When it comes to manufacturing new lightweight, yet strong components for new passenger jets, scientists are treating the process like trying to brew the most delicious cup of coffee. By using artificial intelligence (AI) and machine learning, researchers at the U.S. Department of Energy’s (DOE) Argonne National Laboratory are intelligently and automatically selecting the perfect settings for a different kind of hot brew — the process of friction stir welding, a common ingredient needed to manufacture aeroplane components.
In a new collaboration, Argonne computer scientists are putting the power of the laboratory’s automated machine learning expertise and supercomputers to use. By reducing the number of costly experiments and time-consuming simulations with a new machine learning approach, they can generate accurate models that provide valuable information about the welding process in much less time and at a fraction of the cost.
This approach, called DeepHyper, is a scalable automated machine learning package developed by Argonne computational scientist. Machine learning is a process by which a computer can train itself to find the best answers to a particular question.
The machine-learning algorithm uses a training dataset of various welding conditions and parameters from which aeroplane part properties can be determined. From this dataset, vastly more possible inputs are instantly analysed and ranked to determine which give the best possible components. Manufacturing aeroplane parts involves highly complex, sophisticated and expensive machines, and automating their manufacturing can save money and time, and improve safety and efficiency.
– Prasanna Balaprakash, Argonne Computational Scientist
DeepHyper automates the design and development of machine-learning-based predictive models, which often involve expert-driven, trial-and-error processes. Because no model is an absolute reflection of the truth. The researchers are not primarily trying to find the single best predictive model and the associated welding condition. Rather, they are generating hundreds of highly accurate models, combining them to assess uncertainties in the predictions, and then seeking to use these more tested predictions in the manufacturing process.

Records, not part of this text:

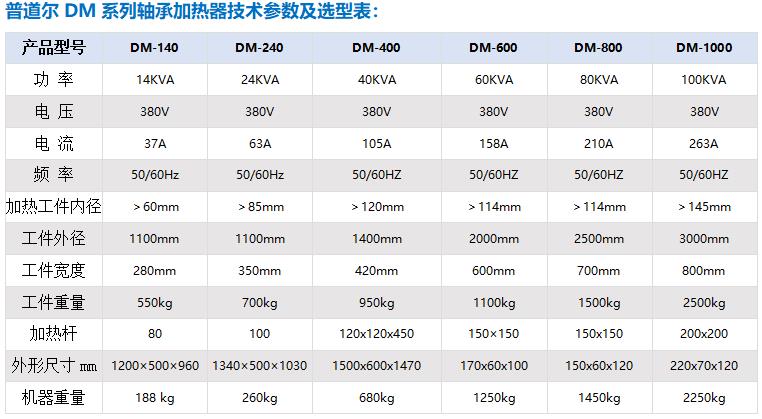 湖南推车式轴承加热器厂家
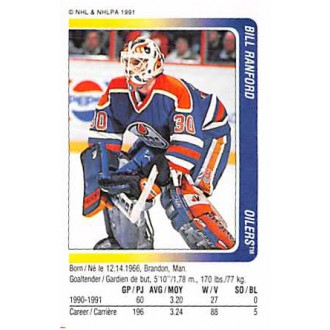 Řadové karty - Ranford Bill - 1991-92 Panini Stickers No.125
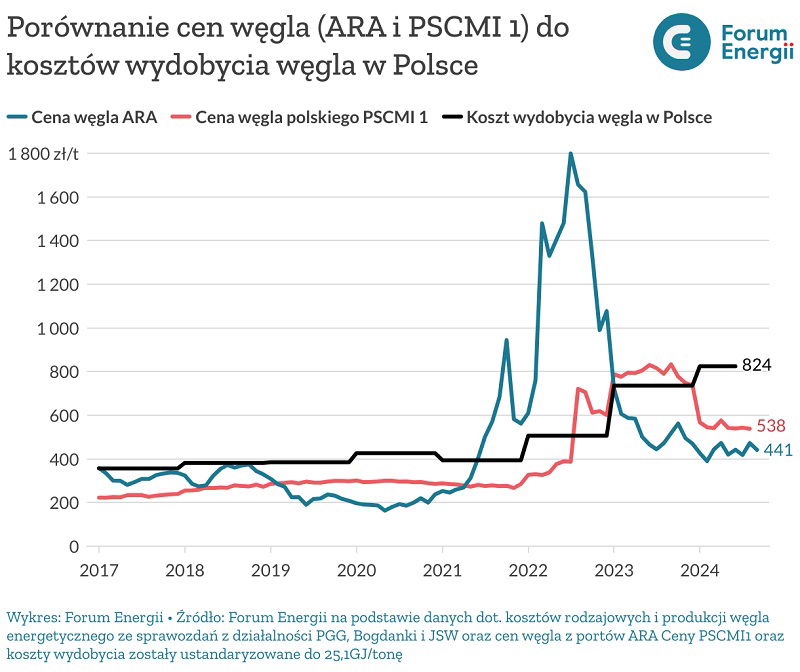 Porównanie cen węgla (ARA i PSCMI 1) do kosztów wydobycia węgla w Polsce - wykres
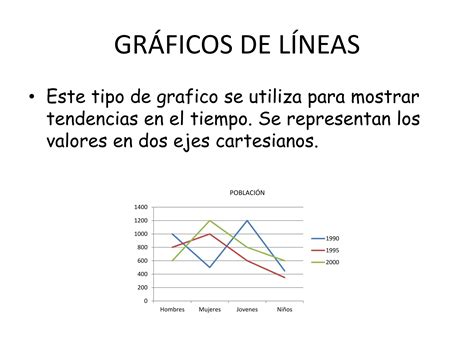 Tipos De Graficas Estadisticas Pptx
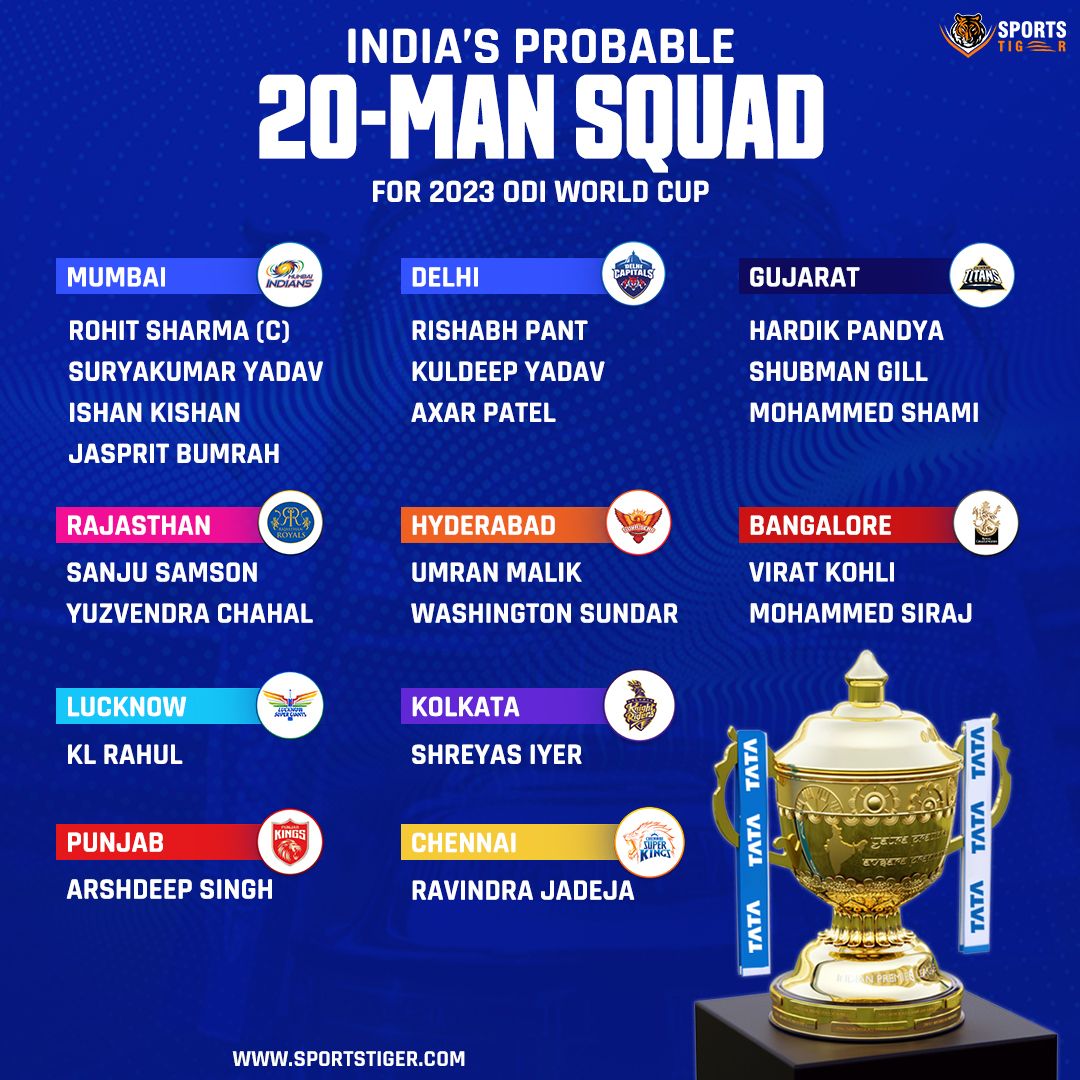India Squad ICC ODI World Cup 2023 Team India ODI WC Squad 2023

The team’s computationally intensive work is being enabled by supercomputing resources at the Argonne Leadership Computing Facility, a DOE Office of Science user facility. The partnership between Argonne, GE Research, EWI, and GKN Aerospace is funded by a grant from DOE’s Advanced Manufacturing Office. The project is entitled Probabilistic Machine Learning for Rapid Large-Scale and High-Rate Aerostructure Manufacturing.
Argonne National Laboratory (ANL) seeks solutions to pressing national problems in science and technology. The nation’s first national laboratory, Argonne conducts leading-edge basic and applied scientific research in virtually every scientific discipline. Argonne researchers work closely with researchers from hundreds of companies, universities, and federal, state and municipal agencies to help them solve their specific problems, advance America’s scientific leadership and prepare the nation for a better future.
As reported by OpenGov Asia, ANL is expanding its digital presence in science, technology, engineering and mathematics (STEM) education with two channels aimed specifically at students and teachers: STEAMville and a social media account that focuses on education. These new virtual programming initiatives, led by the laboratory’s Educational Programs and Outreach (EDU) department, will connect EDU and Argonne to STEM-driven students, teachers, and communities in Chicagoland and beyond.
One of the new platforms being explored by EDU is STEAMville, a combination of a social learning network and a learning management system. Northwestern University has developed the network over a decade to give schools, students, and science organisations their own virtual space to share and utilise STEM activities. This creates a rich catalogue of STEM programming that individuals and institutions can use and apply to their own programs, while also letting different groups and individuals interact with each other.